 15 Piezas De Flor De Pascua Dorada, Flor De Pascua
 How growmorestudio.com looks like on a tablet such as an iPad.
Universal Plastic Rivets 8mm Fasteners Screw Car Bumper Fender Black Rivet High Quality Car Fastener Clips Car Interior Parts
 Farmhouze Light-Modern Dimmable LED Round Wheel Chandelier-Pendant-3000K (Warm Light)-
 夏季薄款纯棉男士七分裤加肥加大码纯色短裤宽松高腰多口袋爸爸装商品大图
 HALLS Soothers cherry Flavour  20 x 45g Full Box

○ ○ ○ ○ ○ ○ ○

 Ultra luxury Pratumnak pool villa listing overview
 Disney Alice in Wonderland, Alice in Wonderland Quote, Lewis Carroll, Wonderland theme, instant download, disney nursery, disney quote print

○ ○ ○ ○ ○ ○ ○

▸ Prompt
From the entries above, extract only the lines running from the one containing "15 Piezas De" through the one containing "HALLS Soothers cherry", inclusive.

▸ Expected output
 15 Piezas De Flor De Pascua Dorada, Flor De Pascua
 How growmorestudio.com looks like on a tablet such as an iPad.
Universal Plastic Rivets 8mm Fasteners Screw Car Bumper Fender Black Rivet High Quality Car Fastener Clips Car Interior Parts
 Farmhouze Light-Modern Dimmable LED Round Wheel Chandelier-Pendant-3000K (Warm Light)-
 夏季薄款纯棉男士七分裤加肥加大码纯色短裤宽松高腰多口袋爸爸装商品大图
 HALLS Soothers cherry Flavour  20 x 45g Full Box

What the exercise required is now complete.